About Support for Full width Characters in FTXUI

ArthurSonzogni / FTXUI

:computer: C++ Functional Terminal User Interface. :heart:

MIT License

6.69k stars 401 forks source link

About Support for Full width Characters in FTXUI #865

Open hcwanz opened 3 months ago

hcwanz commented 3 months ago

I noticed that there are functions in FTXUI that support wchar, such as wstring_width, but I haven't found any applications for these functions. When I tried to print "测试" in examples/dom/border.cpp, only a bunch of messy codes were printed. So I would like to ask what kind of support FTXUI has for full-width characters:

It has been supported, but my usage is incorrect?
Will it be supported in the future?
Or do users need to make some modifications to FTXUI themselves?

ArthurSonzogni commented 3 months ago

Hello!

Full width characters are supporters.

What terminal are you using? Maybe your terminal doesn't support rendering them?

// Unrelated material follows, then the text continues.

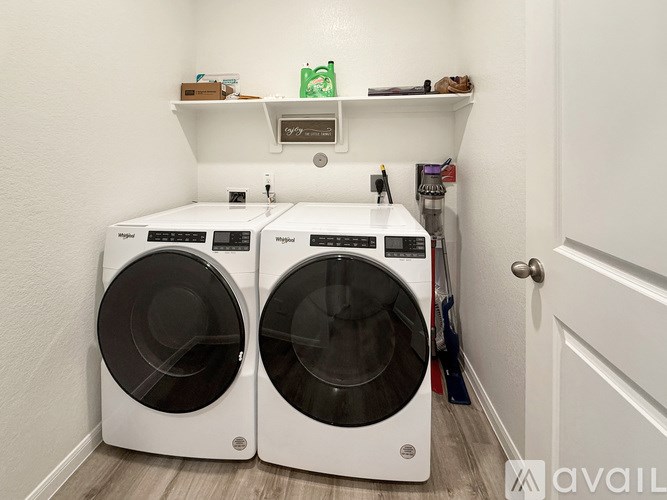 Two white front load washing machines in a small laundry room.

See my test on examples/dom/border.cpp

You can try the example examples/component/input.cpp demo on your terminal and input some full width characters.

hcwanz commented 3 months ago

It seems like it's really my problem here

ArthurSonzogni commented 3 months ago

Maybe ;-) What OS and terminal are you using?

hcwanz commented 3 months ago

windows &&windows terminal When using _getch normally, you can input display full width characters. But in input.cpp, when entering, only garbled characters will be displayed.

hcwanz commented 3 months ago

Not all of them will output messy codes. "当饭森" will only display "森"; "埏埴" can be displayed normally, and even some subsequent characters can be displayed normally, but the “，当” cannot be displayed. The "测试" will display garbled text

hcwanz commented 3 months ago

When I output them individually using string, they can be output normally

hcwanz commented 3 months ago

Maybe ;-) What OS and terminal are you using?

It seems that the text determination in EatCodePoint is not correct in my environment. As shown in the figure below, '，' in string is '1010 0011 1010 1100', which is indeed 2 bytes, but it is different from the judgment in the function. May I ask why this is the case.

ArthurSonzogni commented 3 months ago

In UTF8, we considers ", " to be two 1-byte characters:

00101100 => ','
00100000 => ' '

Not all of them will output messy codes. "当饭森" will only display "森"; 森 "埏埴" can be displayed normally, and even some subsequent characters can be displayed normally, but the “，当” cannot be displayed.

I checked locally on Linux:

It was working correctly.

I guess I should try on Microsoft Windows terminal. Thanks for your useful input!

hcwanz commented 3 months ago

... I know there's an error. Chinese characters should occupy 3 bytes in utf8, and the default encoding for window is gbk. When Chinese characters occupy two bytes, it indicates that they are not in utf8 format.